## [TASK BRIEF]
Everything in the data except the pictures belongs in your answer, copied exactly.

## [RECORDED DATA]

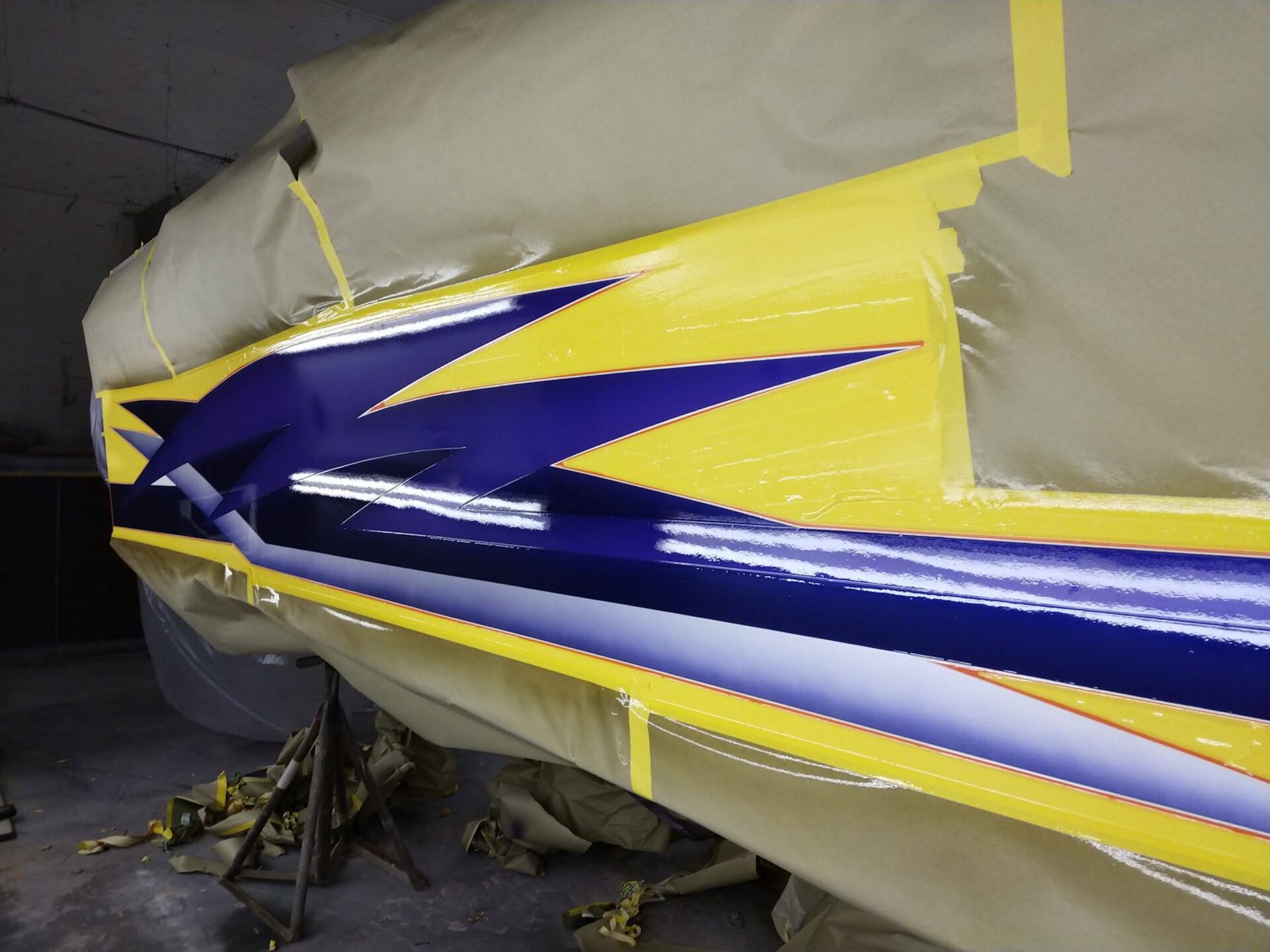 Boat hull being painted with blue, white, and yellow racing stripes in a workshop
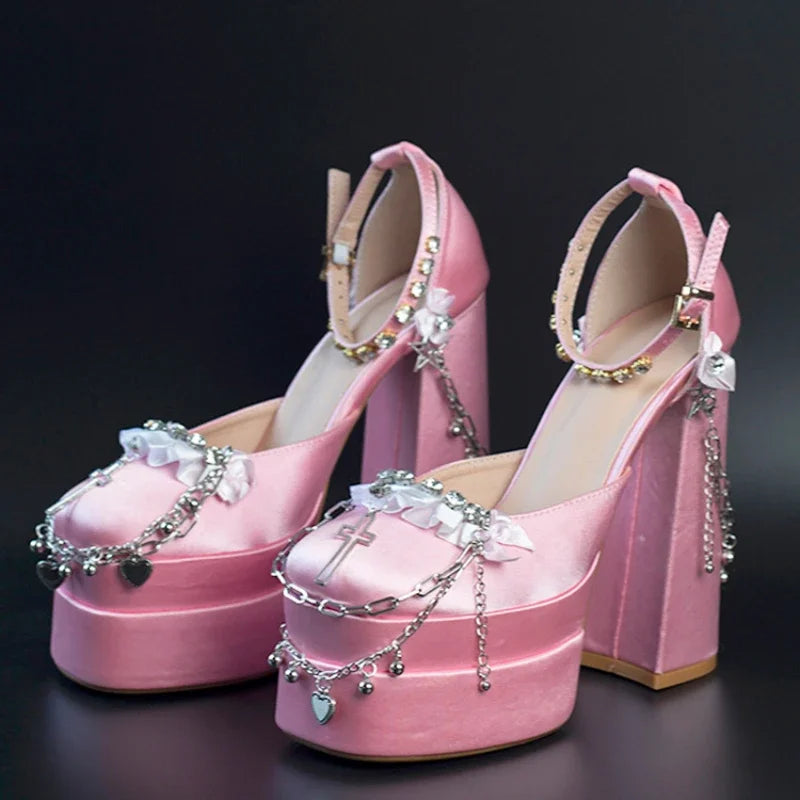 Pink high-heeled shoes with decorative elements on a dark background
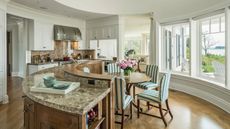 Bright coastal home with rounded kitchen features and layout. There is a marble island in a semi circle, striped blue and white upholstered chairs around a round table and bright tall windows with the ocean in view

## [FINISHED TASK]
 Boat hull being painted with blue, white, and yellow racing stripes in a workshop
 Pink high-heeled shoes with decorative elements on a dark background
 Bright coastal home with rounded kitchen features and layout. There is a marble island in a semi circle, striped blue and white upholstered chairs around a round table and bright tall windows with the ocean in view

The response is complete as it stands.